Natural resources: Acacia Mining heads down
Things have gone from bad to worse for Acacia Mining. The London-listed goldminer has been locked in a costly dispute with the Tanzania government.
First Tanzania banned the export of gold and copper concentrate. Yesterday it accused the company of operating illegally, having previously accused Acacia of shipping gold out illicitly to dodge taxes.
Acacia denies the accusations. If the scale of the alleged illicit exports was correct, then Acacia would be one of the world’s largest producers, a fact it would have somehow managed to conceal from its auditors and shareholders.
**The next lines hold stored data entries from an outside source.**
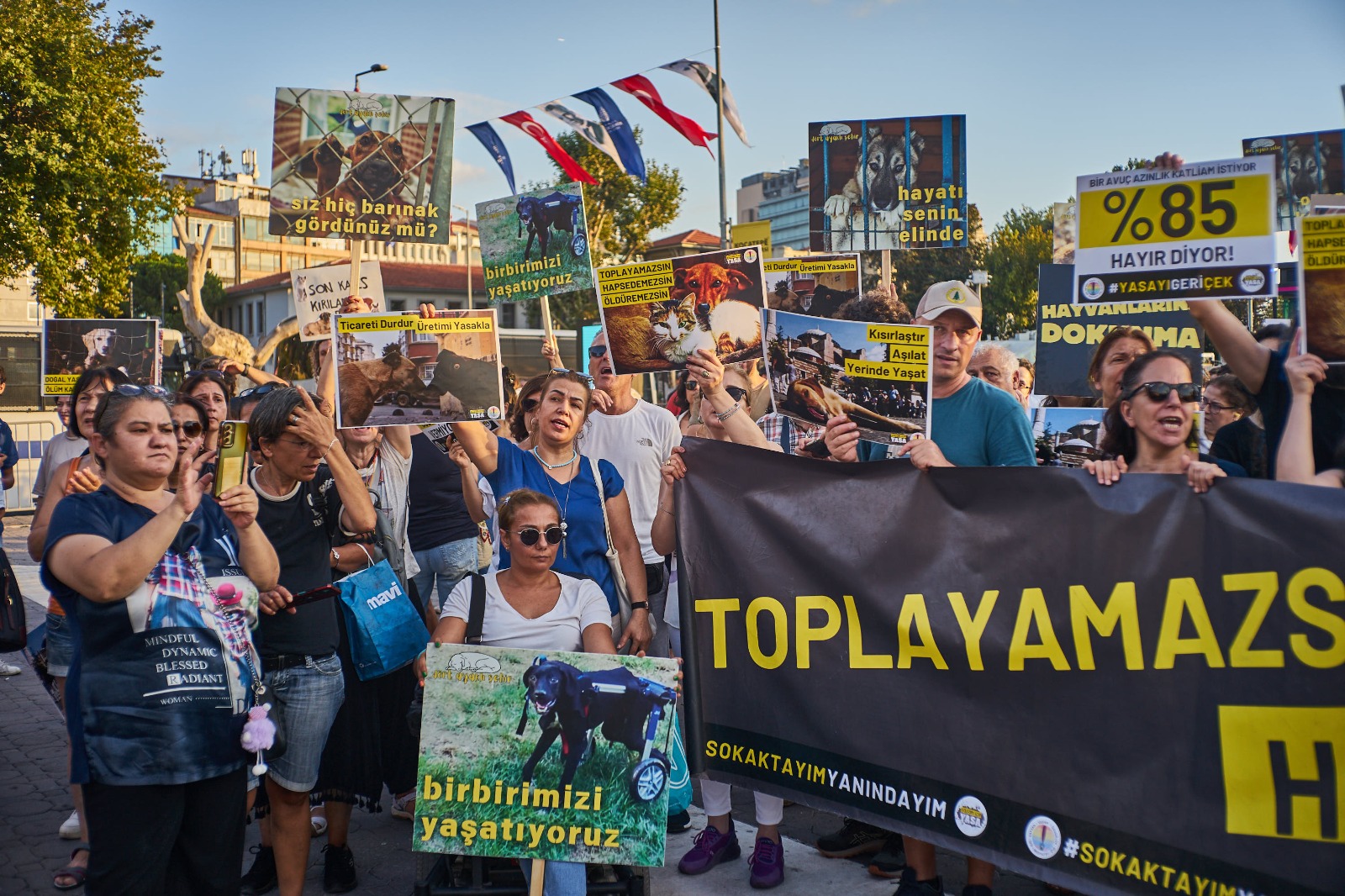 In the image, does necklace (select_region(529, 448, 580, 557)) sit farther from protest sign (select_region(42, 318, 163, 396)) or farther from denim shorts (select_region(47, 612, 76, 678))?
protest sign (select_region(42, 318, 163, 396))

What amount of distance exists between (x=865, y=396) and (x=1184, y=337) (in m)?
4.01

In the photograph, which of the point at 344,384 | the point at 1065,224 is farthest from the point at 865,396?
the point at 1065,224

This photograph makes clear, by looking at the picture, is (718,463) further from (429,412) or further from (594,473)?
(429,412)

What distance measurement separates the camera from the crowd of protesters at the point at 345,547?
3.36 metres

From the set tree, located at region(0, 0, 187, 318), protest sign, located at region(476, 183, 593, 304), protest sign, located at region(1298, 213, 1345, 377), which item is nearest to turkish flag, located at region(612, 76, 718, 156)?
protest sign, located at region(476, 183, 593, 304)

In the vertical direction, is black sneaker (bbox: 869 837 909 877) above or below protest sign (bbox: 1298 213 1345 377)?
below

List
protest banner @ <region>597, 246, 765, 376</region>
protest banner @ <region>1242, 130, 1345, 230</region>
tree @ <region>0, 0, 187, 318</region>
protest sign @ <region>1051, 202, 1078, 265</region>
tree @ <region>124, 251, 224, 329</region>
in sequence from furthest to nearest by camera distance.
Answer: tree @ <region>124, 251, 224, 329</region>
tree @ <region>0, 0, 187, 318</region>
protest sign @ <region>1051, 202, 1078, 265</region>
protest banner @ <region>1242, 130, 1345, 230</region>
protest banner @ <region>597, 246, 765, 376</region>

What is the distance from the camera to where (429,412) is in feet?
16.0

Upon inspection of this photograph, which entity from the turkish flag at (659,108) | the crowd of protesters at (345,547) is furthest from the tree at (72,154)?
the crowd of protesters at (345,547)

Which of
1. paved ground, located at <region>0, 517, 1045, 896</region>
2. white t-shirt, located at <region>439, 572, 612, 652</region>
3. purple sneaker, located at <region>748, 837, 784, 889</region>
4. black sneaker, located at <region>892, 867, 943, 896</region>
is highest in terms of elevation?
white t-shirt, located at <region>439, 572, 612, 652</region>

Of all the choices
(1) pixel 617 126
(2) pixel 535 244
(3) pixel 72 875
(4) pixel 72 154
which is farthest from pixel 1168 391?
(4) pixel 72 154

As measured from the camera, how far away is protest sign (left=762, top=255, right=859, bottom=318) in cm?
734

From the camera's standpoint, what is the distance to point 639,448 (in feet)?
19.5

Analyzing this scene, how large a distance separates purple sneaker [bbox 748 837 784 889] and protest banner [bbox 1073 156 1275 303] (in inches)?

While Acacia is looking elsewhere, it relies on the east African country for all of its production. The company had cultivated a good relationship with President Kikwete but the election in 2015 of John Magufuli, dubbed the Bulldozer because of his uncompromising manner, marked a deterioration in the partnership with ithe country’s largest corporate taxpayer.
Shares in Acacia slumped more than 13 per cent, off 39p to 261p — half the level before the dispute flared up in March. Later that month it called off merger talks with Endeavour Mining of Canada.
Wall Street report
A technology sell-off on Wall Street dragged down all of the major indices. The Nasdaq fell 32.45 points, or 0.52 per cent to 6,175.46. The Dow Jones industrial average fell 36.3 points to 21, 235.67 and the S&P 500 slipped 2.38 to 2,429.39.